Sayuri
steckte seinen Dolch zurück in die Scheide. »Die Nacht wird ziemlich kalt werden.«
Marje nickte. Wie kalt es in der Nacht werden konnte, war ihr in diesem Moment ziemlich gleichgültig. Als Kiyoshi versucht hatte, mit dem Dolch ihren Umhang zurückzuholen, hatte sie vor dem inneren Auge schon die Schlange vorschnellen sehen. Der Gedanke, allein in der Wüste sein zu müssen, hatte ihr einen solchen Schrecken eingejagt, dass sie jetzt einfach nur dankbar war, dass Kiyoshi neben ihr ging. Zögernd griff sie nach seiner Hand und er erwiderte die Geste mit einem leichten Händedruck. »Wir schaffen das«, versprach er leise.

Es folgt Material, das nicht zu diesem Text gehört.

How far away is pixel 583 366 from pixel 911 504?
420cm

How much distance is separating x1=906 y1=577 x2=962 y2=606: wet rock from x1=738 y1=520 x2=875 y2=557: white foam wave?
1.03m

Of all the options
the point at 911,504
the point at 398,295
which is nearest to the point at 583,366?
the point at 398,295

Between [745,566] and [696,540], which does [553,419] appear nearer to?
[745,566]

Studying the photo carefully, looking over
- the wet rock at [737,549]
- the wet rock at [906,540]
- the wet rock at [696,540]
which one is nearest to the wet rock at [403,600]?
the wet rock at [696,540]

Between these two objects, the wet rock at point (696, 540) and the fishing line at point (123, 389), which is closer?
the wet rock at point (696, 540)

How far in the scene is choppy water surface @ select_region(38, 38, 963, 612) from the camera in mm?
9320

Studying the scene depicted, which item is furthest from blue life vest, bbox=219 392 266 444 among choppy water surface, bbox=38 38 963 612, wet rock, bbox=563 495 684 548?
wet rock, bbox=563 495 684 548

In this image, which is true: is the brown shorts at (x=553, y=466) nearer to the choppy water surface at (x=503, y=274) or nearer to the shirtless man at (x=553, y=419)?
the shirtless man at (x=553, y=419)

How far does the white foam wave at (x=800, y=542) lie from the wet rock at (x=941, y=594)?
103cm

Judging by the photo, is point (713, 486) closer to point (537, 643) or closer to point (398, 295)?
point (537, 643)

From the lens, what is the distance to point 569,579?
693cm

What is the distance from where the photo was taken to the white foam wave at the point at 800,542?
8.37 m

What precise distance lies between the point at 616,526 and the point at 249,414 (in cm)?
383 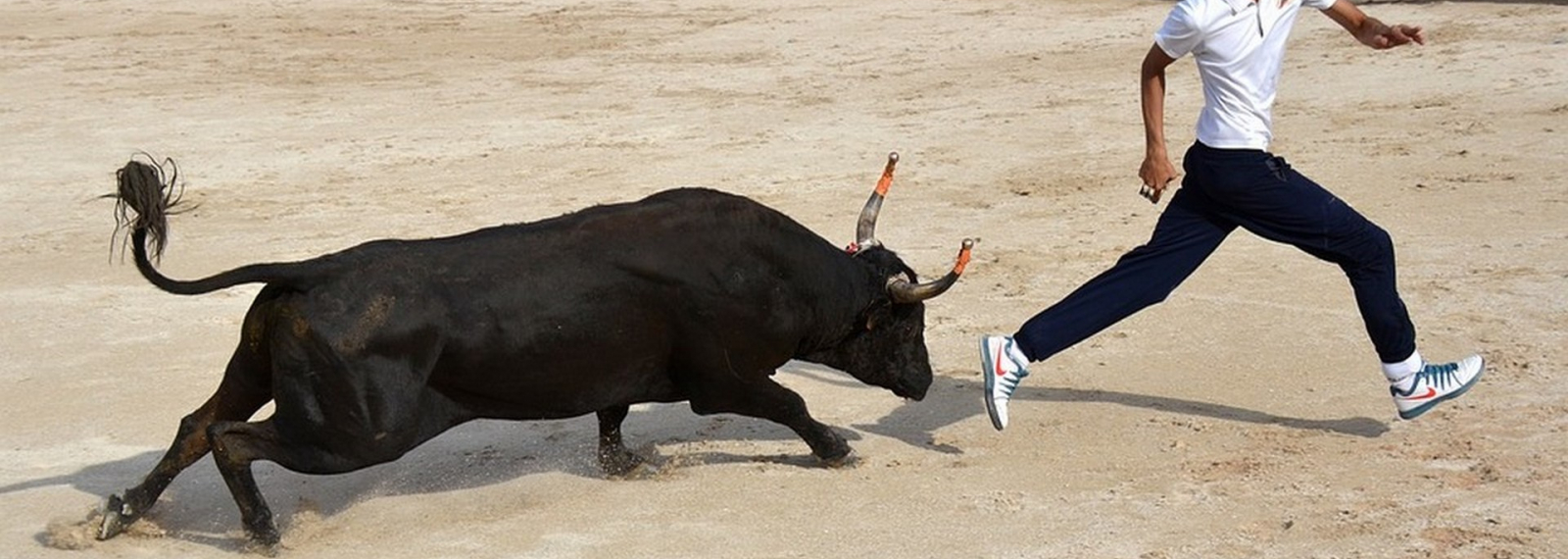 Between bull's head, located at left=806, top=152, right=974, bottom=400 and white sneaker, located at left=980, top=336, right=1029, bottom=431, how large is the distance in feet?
0.96

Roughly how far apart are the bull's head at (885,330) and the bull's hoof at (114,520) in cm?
227

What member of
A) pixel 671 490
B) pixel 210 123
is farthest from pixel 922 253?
pixel 210 123

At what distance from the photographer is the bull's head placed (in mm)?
7492

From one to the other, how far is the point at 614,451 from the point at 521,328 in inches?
34.3

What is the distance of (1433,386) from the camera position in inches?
291

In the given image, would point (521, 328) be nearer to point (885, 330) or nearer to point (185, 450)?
point (185, 450)

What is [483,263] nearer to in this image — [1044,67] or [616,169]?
[616,169]

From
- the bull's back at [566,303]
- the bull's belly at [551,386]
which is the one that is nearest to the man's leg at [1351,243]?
the bull's back at [566,303]

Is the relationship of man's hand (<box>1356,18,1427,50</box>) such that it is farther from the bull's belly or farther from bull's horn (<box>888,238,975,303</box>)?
the bull's belly

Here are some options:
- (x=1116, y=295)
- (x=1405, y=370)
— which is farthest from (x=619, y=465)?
(x=1405, y=370)

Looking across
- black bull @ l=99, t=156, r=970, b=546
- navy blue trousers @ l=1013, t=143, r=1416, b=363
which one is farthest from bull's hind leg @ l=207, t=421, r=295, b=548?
navy blue trousers @ l=1013, t=143, r=1416, b=363

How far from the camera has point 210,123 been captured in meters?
15.3

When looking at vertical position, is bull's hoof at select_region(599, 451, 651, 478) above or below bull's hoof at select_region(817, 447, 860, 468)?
above

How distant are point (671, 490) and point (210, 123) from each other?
903 centimetres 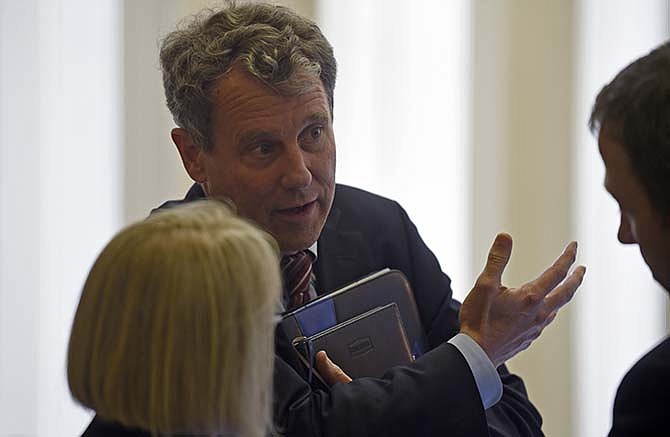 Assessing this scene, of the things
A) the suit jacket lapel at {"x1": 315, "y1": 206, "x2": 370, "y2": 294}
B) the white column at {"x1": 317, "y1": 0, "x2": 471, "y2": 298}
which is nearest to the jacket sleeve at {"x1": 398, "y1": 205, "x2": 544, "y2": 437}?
the suit jacket lapel at {"x1": 315, "y1": 206, "x2": 370, "y2": 294}

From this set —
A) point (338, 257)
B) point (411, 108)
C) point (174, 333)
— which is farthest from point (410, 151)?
point (174, 333)

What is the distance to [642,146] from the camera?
4.08 ft

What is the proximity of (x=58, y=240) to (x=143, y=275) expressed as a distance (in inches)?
75.7

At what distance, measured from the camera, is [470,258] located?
10.4 feet

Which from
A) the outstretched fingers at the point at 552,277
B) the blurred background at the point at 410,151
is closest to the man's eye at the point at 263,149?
the outstretched fingers at the point at 552,277

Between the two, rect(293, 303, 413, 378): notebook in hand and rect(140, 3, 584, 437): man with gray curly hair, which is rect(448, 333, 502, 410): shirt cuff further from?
rect(293, 303, 413, 378): notebook in hand

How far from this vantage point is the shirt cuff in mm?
1576

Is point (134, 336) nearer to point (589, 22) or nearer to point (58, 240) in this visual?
point (58, 240)

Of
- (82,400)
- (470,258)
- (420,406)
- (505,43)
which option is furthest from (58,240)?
(82,400)

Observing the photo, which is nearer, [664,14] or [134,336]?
[134,336]

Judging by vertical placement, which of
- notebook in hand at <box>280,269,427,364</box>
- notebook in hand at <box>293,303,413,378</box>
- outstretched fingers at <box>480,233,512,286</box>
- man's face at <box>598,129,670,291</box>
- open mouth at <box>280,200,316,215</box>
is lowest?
notebook in hand at <box>293,303,413,378</box>

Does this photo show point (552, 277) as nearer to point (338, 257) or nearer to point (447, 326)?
point (447, 326)

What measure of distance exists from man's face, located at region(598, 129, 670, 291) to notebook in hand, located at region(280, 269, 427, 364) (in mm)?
520

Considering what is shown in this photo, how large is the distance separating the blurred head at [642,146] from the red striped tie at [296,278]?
2.15 ft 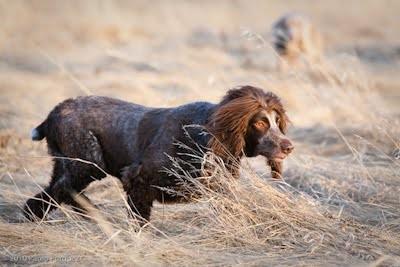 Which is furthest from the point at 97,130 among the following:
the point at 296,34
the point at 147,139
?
the point at 296,34

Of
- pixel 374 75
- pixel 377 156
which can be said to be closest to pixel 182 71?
pixel 374 75

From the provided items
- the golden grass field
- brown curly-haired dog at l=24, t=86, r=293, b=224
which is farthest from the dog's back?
the golden grass field

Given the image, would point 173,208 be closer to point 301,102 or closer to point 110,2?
point 301,102

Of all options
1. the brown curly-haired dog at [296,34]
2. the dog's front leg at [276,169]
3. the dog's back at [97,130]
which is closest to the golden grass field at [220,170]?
the dog's front leg at [276,169]

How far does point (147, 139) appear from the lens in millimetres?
7074

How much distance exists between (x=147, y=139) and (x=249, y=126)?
95 cm

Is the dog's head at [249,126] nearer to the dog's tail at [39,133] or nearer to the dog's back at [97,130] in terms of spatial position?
the dog's back at [97,130]

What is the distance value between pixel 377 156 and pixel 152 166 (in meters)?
3.43

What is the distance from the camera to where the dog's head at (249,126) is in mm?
6531

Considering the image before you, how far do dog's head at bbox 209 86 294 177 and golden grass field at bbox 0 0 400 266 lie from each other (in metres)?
0.21

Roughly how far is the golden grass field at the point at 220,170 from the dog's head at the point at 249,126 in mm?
214

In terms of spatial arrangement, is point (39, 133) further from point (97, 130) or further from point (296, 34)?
point (296, 34)

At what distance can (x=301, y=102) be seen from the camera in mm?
14898

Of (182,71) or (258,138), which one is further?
(182,71)
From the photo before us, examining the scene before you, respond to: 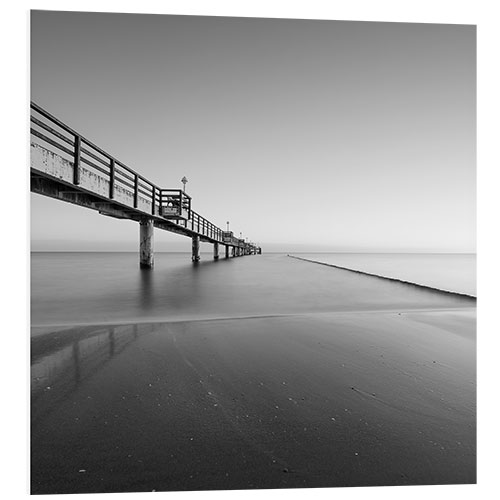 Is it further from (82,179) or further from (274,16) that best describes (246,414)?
(82,179)

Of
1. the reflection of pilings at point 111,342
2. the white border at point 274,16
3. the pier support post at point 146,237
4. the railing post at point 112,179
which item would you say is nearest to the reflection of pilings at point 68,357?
the reflection of pilings at point 111,342

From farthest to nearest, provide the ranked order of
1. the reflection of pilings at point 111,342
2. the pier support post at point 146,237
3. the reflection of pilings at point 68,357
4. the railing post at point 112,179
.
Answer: the pier support post at point 146,237 → the railing post at point 112,179 → the reflection of pilings at point 111,342 → the reflection of pilings at point 68,357

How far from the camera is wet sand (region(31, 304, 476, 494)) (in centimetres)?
128

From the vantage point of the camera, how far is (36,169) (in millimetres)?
4543

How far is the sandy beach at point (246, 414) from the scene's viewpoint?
4.21 ft

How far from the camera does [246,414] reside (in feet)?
5.32

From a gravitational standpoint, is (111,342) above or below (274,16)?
below

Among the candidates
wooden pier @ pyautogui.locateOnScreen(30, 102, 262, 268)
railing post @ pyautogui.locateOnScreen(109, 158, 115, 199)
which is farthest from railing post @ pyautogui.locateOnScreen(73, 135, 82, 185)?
railing post @ pyautogui.locateOnScreen(109, 158, 115, 199)

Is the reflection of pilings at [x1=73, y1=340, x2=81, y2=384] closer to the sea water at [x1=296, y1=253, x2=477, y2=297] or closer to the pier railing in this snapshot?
the pier railing

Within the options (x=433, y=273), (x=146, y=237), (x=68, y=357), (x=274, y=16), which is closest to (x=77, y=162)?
(x=68, y=357)

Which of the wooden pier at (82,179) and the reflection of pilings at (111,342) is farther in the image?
the wooden pier at (82,179)

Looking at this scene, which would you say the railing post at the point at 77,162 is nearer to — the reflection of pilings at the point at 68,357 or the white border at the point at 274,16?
the reflection of pilings at the point at 68,357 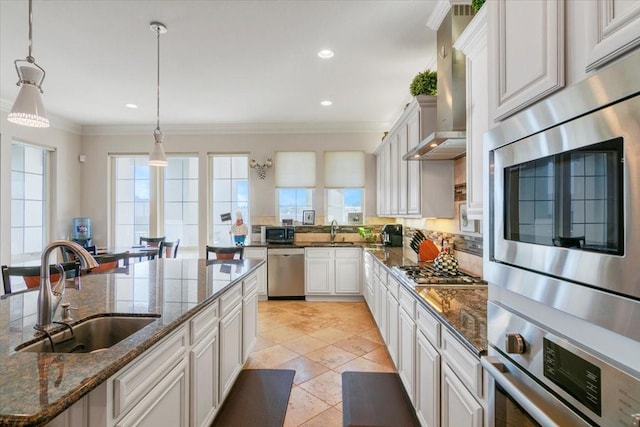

Marje schluckte und schwieg. Aufmerksam richtete sie ihren Blick auf den Boden und versuchte, nicht an ihren Umhang zu denken, von dem sie sich mit jedem Schritt weiter entfernte. »Dort können wir die Nacht verbringen«, meinte Kiyoshi plötzlich und deutete auf eine Bodensenke nicht weit vor ihnen. »Falls es dort keine Schlangen gibt«, fügte er noch mit einem vorsichtigen Lächeln hinzu.
Marje nickte und versuchte, ein wenig zu lächeln. Sie fühlte sich unwohl in der Wüste. Die Landschaft kam ihr eintönig und langweilig vor, selbst die Tiere hatten sich in Farbe und Schattierung dem alles dominierenden Sand angepasst. Ihr fehlte das bunte Treiben der Stadt, das satte Grün aus Sayuris Garten. Mit diesen Gedanken kamen auch die Gedanken an ihre Flucht zurück. »Warum haben die Soldaten dich eigentlich verfolgt?«, fragte sie plötzlich.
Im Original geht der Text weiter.